One-Year Internship Program in Computational Biology & Bioinformatics
Program Duration: One year, from September 16, 2019 – August 31, 2019
Number of slots: 10
Venue: Bio-Innovation Centre (BIC), Rajiv Gandhi Centre for Biotechnology,Trivandrum.
Application opens: July 29, 2019
Application deadline: August 31, 2019
Course Fee: ₹60,000
This one year internship program is a platform for highly motivated students to explore bioinformatics through practical experience. It provides a solid base to the use of bioinformatics by providing theory and hands-on training in methods and resources appropriate to all major fields of biological research. The internship provides best strategies for undertaking bioinformatics analysis, computer programming, statistical analysis, data management and reproducibility. All participants will have close and correct mentoring by RGCB faculty. Special invited lectures will be arranged by distinguished scientists and academicians.
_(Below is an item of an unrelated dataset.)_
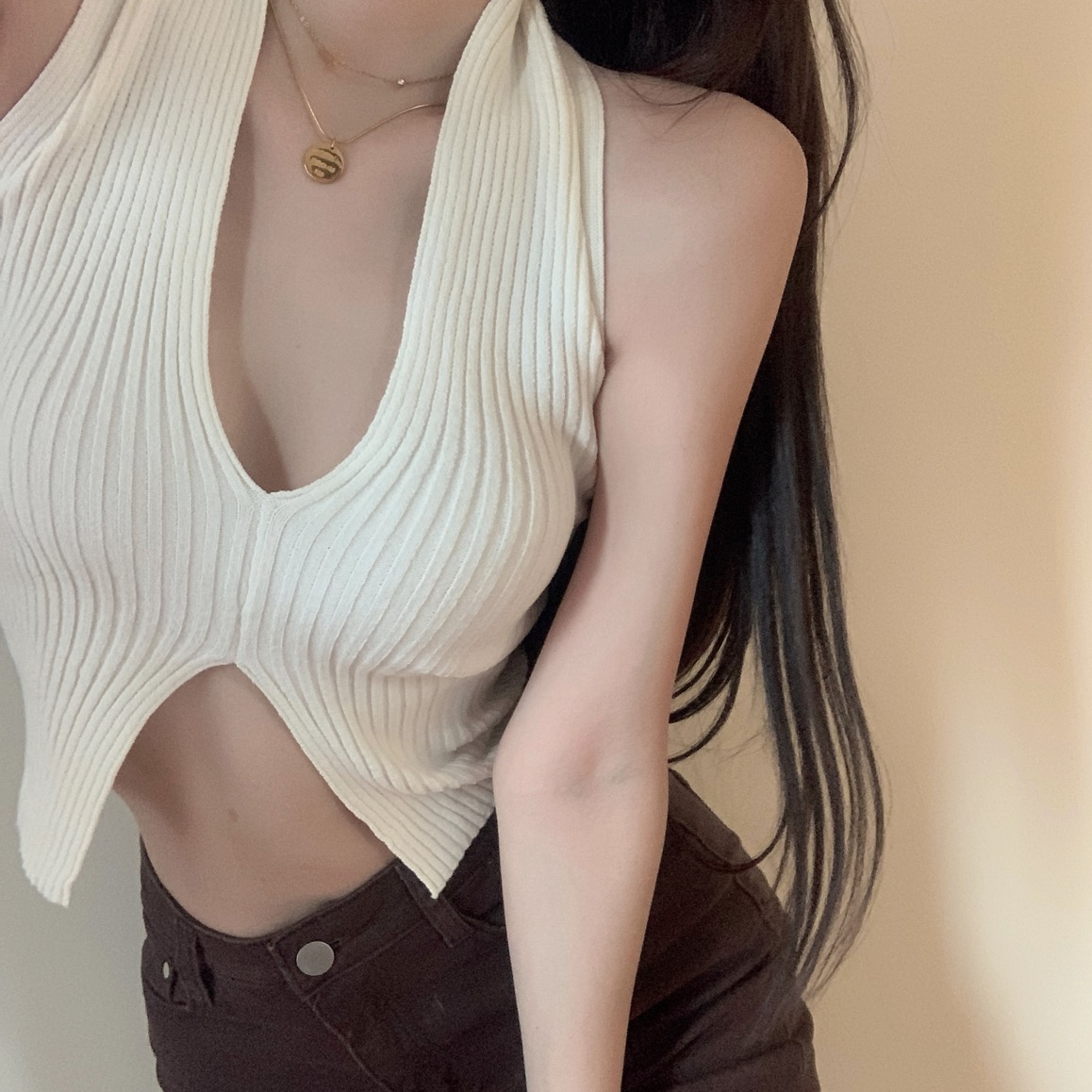Hanging neck suspender vest for women to wear outside in summer pure desire sexy collar design sense of minority spice girls to wear short tops inside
The RGCB Academic Committee will screen all applications and potential candidates will be invited for personal interview (or online interview). In case more than 15 candidates are being short-listed after screening of applications, an online test will be conducted before the selection interview.
The total fee amount of 60,000 INR. No certificate will be issued without fulfilment of the curriculum & payment of the total fee. Program fees include admission, study materials, access to internal computational facilities and consumables used in the computational biology laboratory. It does not cover your travel and local accommodation.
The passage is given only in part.